Trotz dieser Zahlen – Gibt es so etwas wie eine spezifisch weibliche Führungsscheu?

Für viele ist Führungsposition nicht attraktiv. In Coachings mit Frauen höre ich öfter den Satz: Das tue ich mir nicht an! Wenn Sie eine Führungsposition angeboten bekommen, überlegen sie mehr als Männer: "Kann ich das? Traue ich mir das wirklich zu? Schaffe ich das? Wie kriege ich das mit Kindern, Familie, Privatleben hin? Männer tendieren eher dazu zu sagen: Ja, darauf habe ich gewartet, die werden mich schon unterstützen. Sehr häufig ist jedoch auch die noch immer geringere Bezahlung weiblicher Führungskräfte gegenüber männlichen Kollegen ein großer Demotivationsfaktor. „Ich sehe nicht ein, warum ich für die gleiche Arbeit viel weniger verdienen soll!“ äußern hier verständlicherweise dann Coaching- Klientinnen.

Frauen mit Brüdern tun sich leichter mit Führung

Meiner Erfahrung nach zeigen jedoch Frauen nicht generell Vorbehalte gegen machtvolle Positionen. Ich habe beobachtet, dass Frauen die Brüder hatten, v.a. jüngere und die später im Studium sowie in den ersten Jahren im Beruf häufig mit Männern kooperiert haben, durchaus selbstverständlich mit Führung umgehen. Sie streben gezielt Führungspositionen an, haben Freude am Gestalten und Führen und pflegen v.a. einen kooperativen Führungsstil.

Die Forschungsliteratur sieht als einen Hauptgrund fehlende weibliche Rollenvorbilder

Erreichen Männer Spitzenpositionen, werden sie anerkannt. Frauen dagegen sehr kritisch beäugt – und zwar von Männern und Frauen. Ist sie durchsetzungsfähig kommt der Vorwurf: „Wie ein Mann.“ Hat sie Kinder, ist sie eine Rabenmutter, hat sie keine Familie, ist gar unverheiratet, dann hat sie ja nichts anderes. Im Grunde kann sie bei diesem anstrengenden Drahtseilakt nur alles falsch machen. Im Kopf der meisten Menschen ist das Konzept der weiblichen Führungskraft noch immer sehr schwach verankert.

Wie können Frauen dazu ermutigt werden, selbst Führungsrollen einzunehmen?

Wenn mehr Frauen in Führungspositionen sichtbar werden, die ihren Job gut machen und daran Spaß haben, weckt das die Lust auf Führung auch bei anderen Frauen. Die beste Veränderung besteht darin, Frauen in Führungspositionen zu haben und nicht nur darüber zu reden. Nicht zuletzt gehöre zur aktiven Förderpolitik, dass weibliche Führungskräfte nicht generell schlechter gestellt werden als männliche, etwas bei der Bezahlung, bei Boni oder geldwerten Leistungen.

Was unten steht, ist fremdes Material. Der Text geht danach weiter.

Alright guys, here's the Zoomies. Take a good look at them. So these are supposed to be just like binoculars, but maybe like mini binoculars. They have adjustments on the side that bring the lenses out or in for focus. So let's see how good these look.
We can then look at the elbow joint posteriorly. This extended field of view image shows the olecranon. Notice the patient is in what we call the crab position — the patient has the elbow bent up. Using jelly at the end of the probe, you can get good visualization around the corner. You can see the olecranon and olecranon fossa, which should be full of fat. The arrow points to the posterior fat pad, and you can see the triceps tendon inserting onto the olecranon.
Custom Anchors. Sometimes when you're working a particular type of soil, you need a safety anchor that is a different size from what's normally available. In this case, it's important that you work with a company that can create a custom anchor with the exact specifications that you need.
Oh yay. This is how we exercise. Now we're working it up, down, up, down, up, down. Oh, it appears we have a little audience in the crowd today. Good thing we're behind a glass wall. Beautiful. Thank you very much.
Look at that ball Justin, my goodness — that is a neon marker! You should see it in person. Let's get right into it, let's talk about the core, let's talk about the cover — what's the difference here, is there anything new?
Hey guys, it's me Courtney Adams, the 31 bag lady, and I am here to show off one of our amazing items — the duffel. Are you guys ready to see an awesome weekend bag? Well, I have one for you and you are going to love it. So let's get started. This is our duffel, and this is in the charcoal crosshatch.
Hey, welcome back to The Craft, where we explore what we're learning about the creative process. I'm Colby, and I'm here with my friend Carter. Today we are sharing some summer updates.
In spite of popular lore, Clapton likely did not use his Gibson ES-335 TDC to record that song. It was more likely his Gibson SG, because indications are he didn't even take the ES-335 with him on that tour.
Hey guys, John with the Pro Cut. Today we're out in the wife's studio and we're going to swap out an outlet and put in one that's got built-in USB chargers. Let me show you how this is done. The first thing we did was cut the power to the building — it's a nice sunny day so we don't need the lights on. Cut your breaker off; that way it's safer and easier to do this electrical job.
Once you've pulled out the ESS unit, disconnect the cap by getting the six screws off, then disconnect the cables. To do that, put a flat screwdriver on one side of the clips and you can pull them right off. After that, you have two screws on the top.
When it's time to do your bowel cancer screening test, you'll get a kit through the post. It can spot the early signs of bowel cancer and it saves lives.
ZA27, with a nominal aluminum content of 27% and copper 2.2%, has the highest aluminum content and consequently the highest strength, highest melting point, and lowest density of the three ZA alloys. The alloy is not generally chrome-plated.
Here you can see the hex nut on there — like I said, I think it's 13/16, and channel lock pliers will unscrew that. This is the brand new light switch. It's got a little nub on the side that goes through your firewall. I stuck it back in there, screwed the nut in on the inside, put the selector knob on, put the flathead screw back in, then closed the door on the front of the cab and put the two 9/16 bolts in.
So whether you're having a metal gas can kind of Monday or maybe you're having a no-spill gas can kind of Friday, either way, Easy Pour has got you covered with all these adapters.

Österreichs Frauen verdienen weiterhin weniger als Männer

Laut dem „Gender Pay Gap“ von Eurostat 2013 beläuft sich die Differenz auf 23 Prozent. Im EU-Vergleich rangiert Österreich damit an vorletzter Stelle, noch größere Unterschiede gibt es nur in Estland (29,9%). Der EU-Durchschnitt beträgt seit Jahren rund 16 Prozent. Verglichen wird dabei der Bruttostundenverdienst standardisierter Löhne und Gehälter von Frauen und Männern in der Privatwirtschaft.

Coaching, Führungskräftetrainings und Mentorenprogramme als Unterstützung

Die Verdienstschere muss in Zukunft von Unternehmensführungen geschlossen werden. An der Führungsmotivation und dem Selbstvertrauen der Einzelnen lässt sich arbeiten. Gezielte Führungskräftetrainings und Mentorenprogramme kombiniert mit Coachings zur individuellen Anliegenklärung können diese Motivation fördern. Dabei sei es von Vorteil, wenn man als weiblicher Coach selbst über Führungserfahrungen verfüge, also als Modell fungieren könne. Auch Mentoring durch erfahrene Führungsfrauen im Unternehmen ist aussichtsreich für die Planung von Karrierenschritten, weil dieser Rahmen letztlich die Reflexion der eigenen Situation im Unternehmen ermögliche, einen Erfahrungsaustausch bei den Mentorinnen ermögliche über die Vereinbarkeit von Karriere und Familie, und die Mentorengespräche auch Gelegenheit geben, eigene Pläne zu veröffentlichen und einen individuellen Führungsstil zu entwickeln und zu erproben.